Topics about unsupported FreeBSD versions


----------



## Jake Roberts (Nov 8, 2016)

Same thing on 11.


----------



## mickey (Nov 8, 2016)

Jake Roberts said:


> I have built a router out of FreeBSD 12.  I have unbound, dhcpd, and pf configured.  Everything works, except that I have to issue `pfctl -f /etc/pf.conf` after boot, or pf blocks all traffic.  The log file reflects this.  After reloading the the rules everything works fine.  What would cause this?  I feel like I've missed something silly, but darned if I can find it.
> 
> rc.conf:
> 
> ...


Looking at the above ifconfig line, it seems at least one of your interfaces is configured dynamically. If that is the case, your /etc/pf.conf needs to take into account that the address of that interface might change, otherwise /etc/pf.conf requires reloading each time the address has changed. To make pf aware of the fact that the interface address may change, locate all occurances where you are using the interface name to refer to the interface's address and surround the interface name with parentheses.

From pf.conf(5):


> Host name resolution and interface to address translation are done at ruleset load-time. When the address of an interface (or host name) changes (under DHCP or PPP, for instance), the ruleset must be reloaded for the change to be reflected in the kernel. Surrounding the interface name (and optional modifiers) in parentheses changes this behaviour.  When the interface name is surrounded by parentheses, the rule is automatically updated whenever the interface changes its address.

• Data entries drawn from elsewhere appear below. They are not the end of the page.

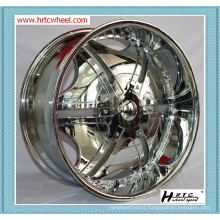 top quality competitive price beautiful chrome color 20 inch car rims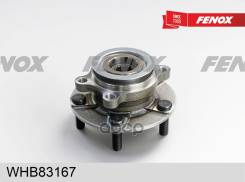 ������� � ����������� � ����� | ����� ����/��� | Nissan Qashqai 07-, X-Trail (T31) 07-, Juke 10- / Renault KolEos 08- Fenox ���. WHB83167 Fenox WHB831...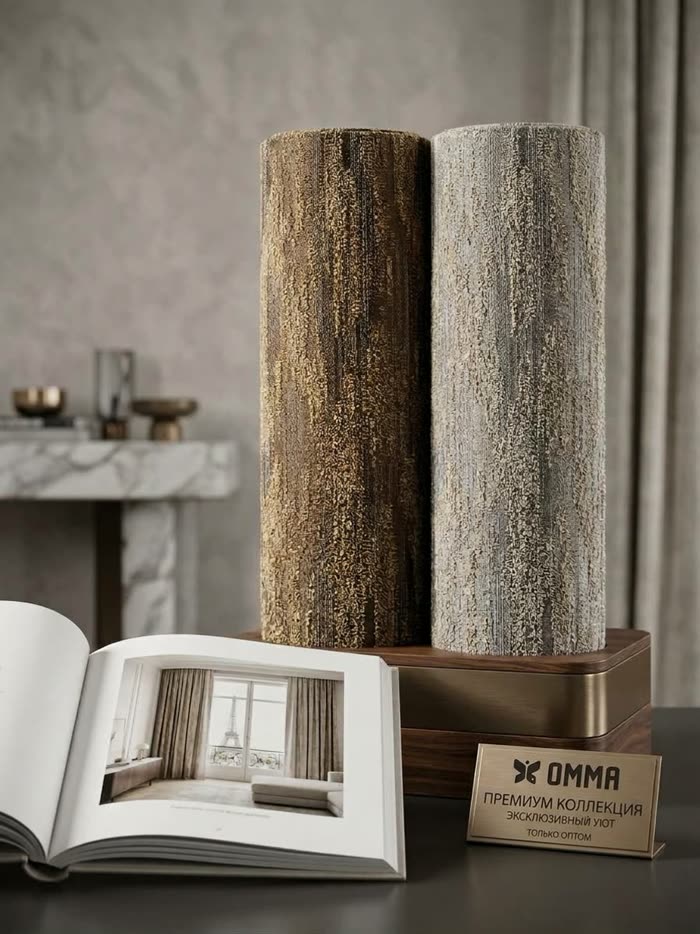 OMMA premium jakar şönil kumaş, showroom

The ruleset does not need to be reloaded. This is especially useful with nat.


----------



## Jake Roberts (Nov 8, 2016)

Thanks very much!  I knew it was something silly, but it was late and I was tired.  Thank you.


----------



## Jake Roberts (Nov 9, 2016)

Had the parentheses.  Changed ifconfig_igb0="DHCP" to ifconfig_igb0="SYNCDHCP"  Thanks


----------